As a corporate, how do I choose the best enabler? Once a company decides to go the enabler route, these are the most frequent aspects that companies evaluate, on average, when making this second decision: capabilities to work with entrepreneurs (in 38% of the cases), existing ecosystem of curated stakeholders to enhance the corporate-startup collaboration (15%), knowledge of the industry or the scouted technology (12%), existing personal trust and service tailoring (10%), to name a few. So, in this decision, innovation leaders ask themselves:
- Who has the most skilled team and proven process?
- Who has the most accessible, glocal and curated corporate venturing ecosystem?
- Who knows the search field best?
- Who cares most about the established company?
How does this affect corporates? Since corporations are increasingly working with startups and offering similar benefits to entrepreneurs, teaming up with enablers can improve their value proposition, thereby aggregating value. Moreover, enablers can reduce innovation costs when these costs are shared with others. Enablers can also increase deal-flow access and anticipation of opportunities.
However, enablers are not just consulting firms: the reality is far richer.
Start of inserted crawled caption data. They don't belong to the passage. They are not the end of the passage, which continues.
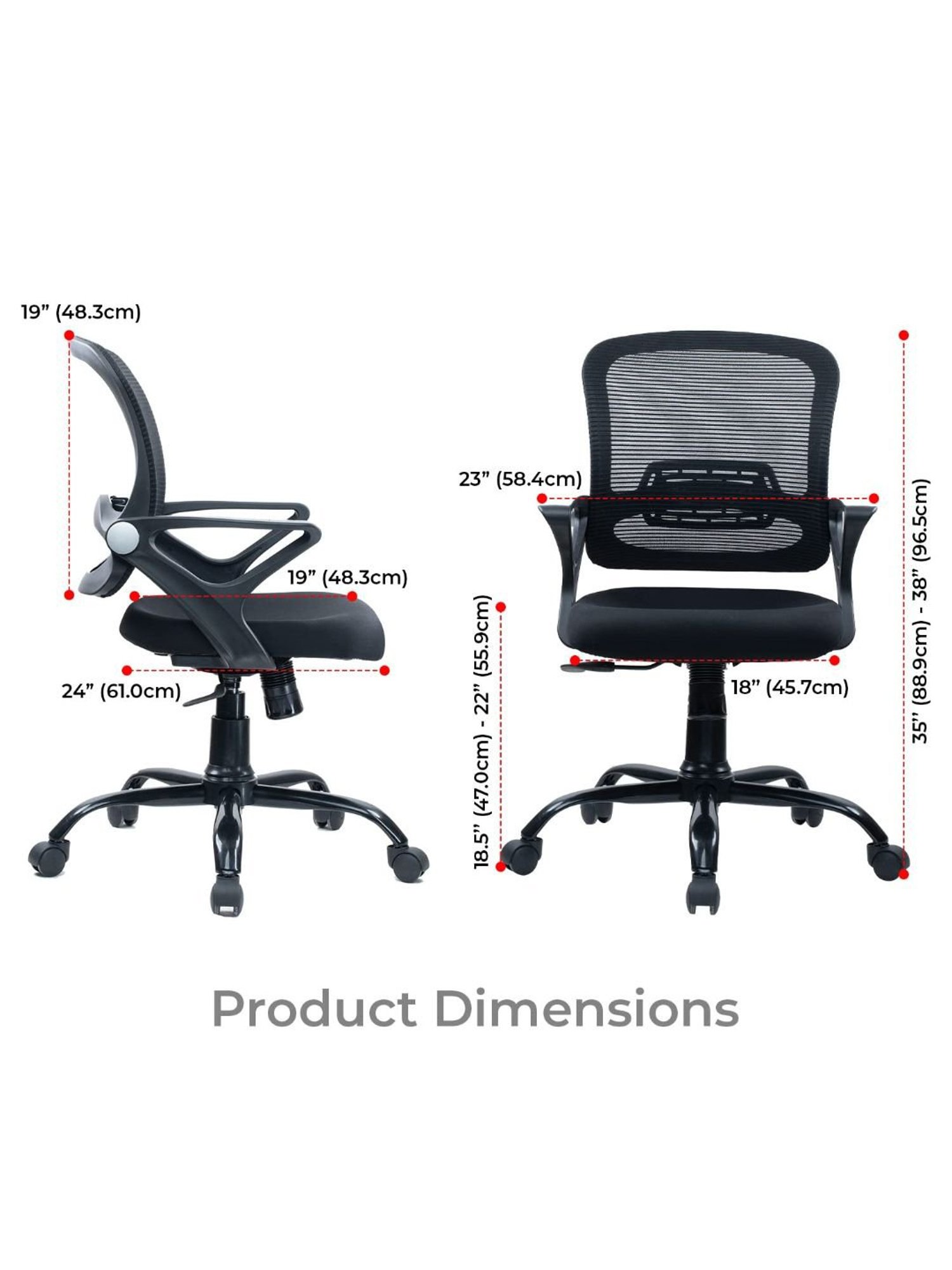 Green Soul Pebble Black Foam Ergonomic Office Chair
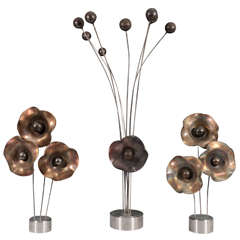 Modernistic Set of Three Kinetic Mixed Metal Flower and Ball Sculptures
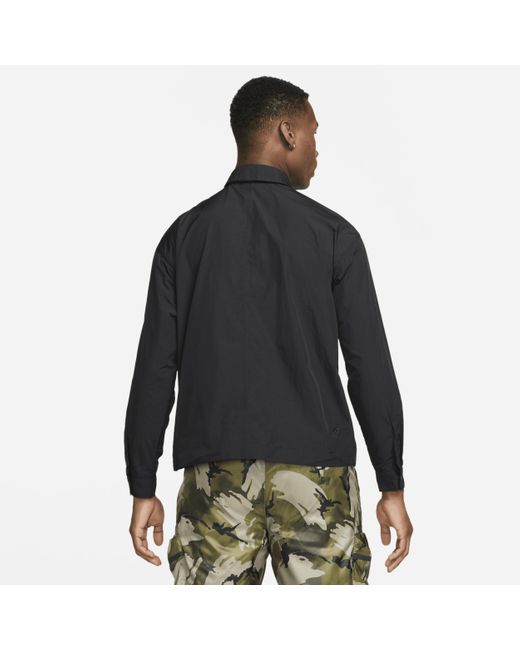 Nike Sportswear Tech Pack Geweven Shirt Met Lange Mouwen in het Black voor heren
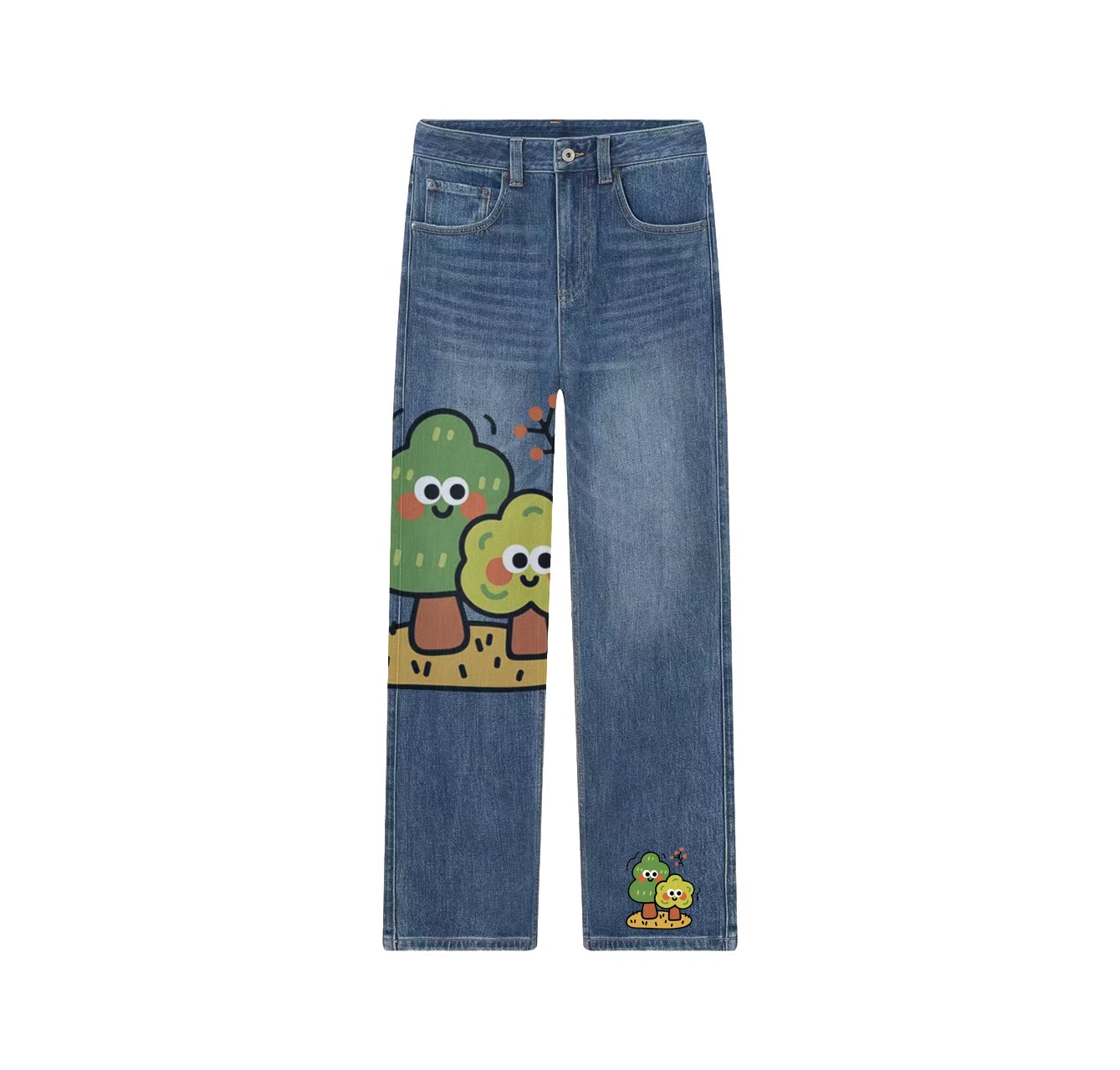 A pair of jeans with a two-tree pattern – a wardrobe essential.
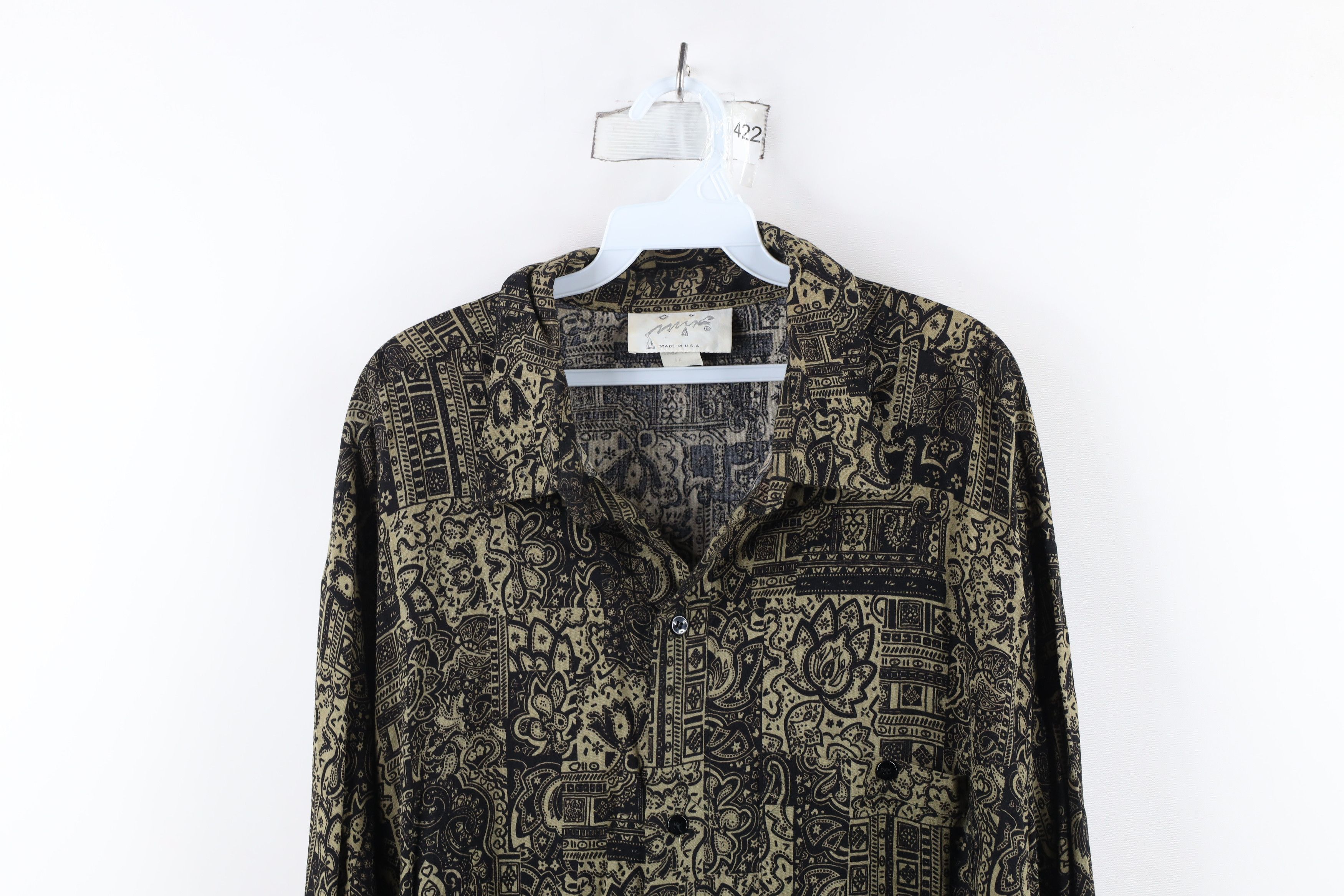 Vintage Vintage 90s Streetwear Flower Collared Button Shirt USA Size US XXL / EU 58 / 5 - 2 Thumbnail
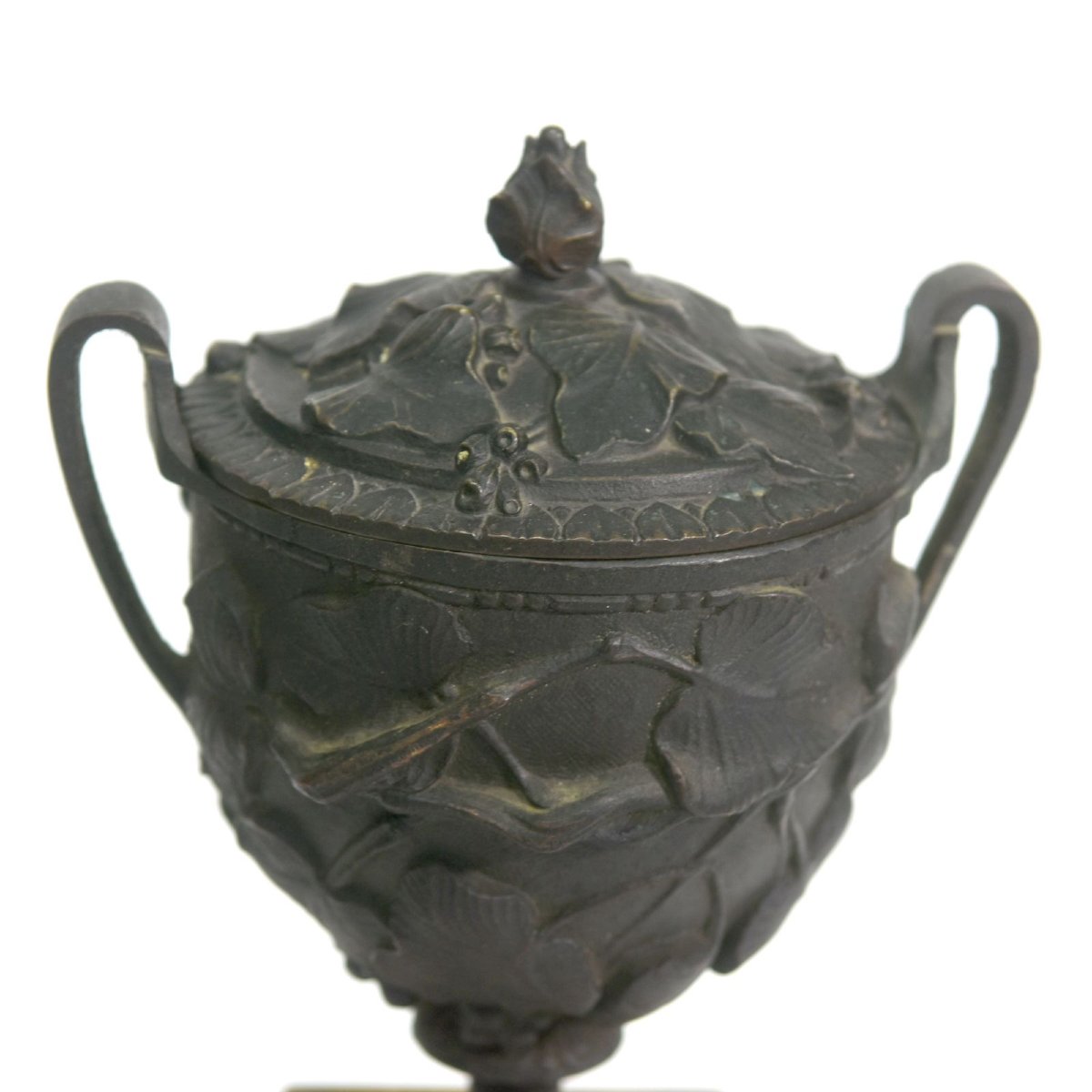Bronze Cassolette With Foliage, 19th Century (pair)-photo-1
Considering a wider scope of types may improve a corporate's selection. Other enablers include private accelerators, research centers, venture capital firms, business angel investors and embassies, to name a few. Furthermore, corporates can be an enabler for other corporations, tapping into a new revenue stream for their own corporate venturing team.
How does this affect enablers? A proven capability is the most frequent aspect considered when choosing between two enablers (in 38% of the cases). Enablers are advised to spend less time packaging their assets and more efforts in developing a skilled team with a proven method to serve the corporation: Why is the enabler's method better than others? How can it be proven?
Moreover, corporate venturing boundaries are disappearing. Now it is less clear who does what — as even a firm's corporate venturing team can be an enabler. In parallel, some activities (e.g., scouting startups) are becoming democratized. Thus, identify and protect what makes you unique as enabler, something difficult to replicate: your core resource or activity.
Methodology, very briefly
Complemented with previous studies, the report is based on 92 interviews with chief innovation officers — and those with related roles — located in Asia, North and South America, and Europe.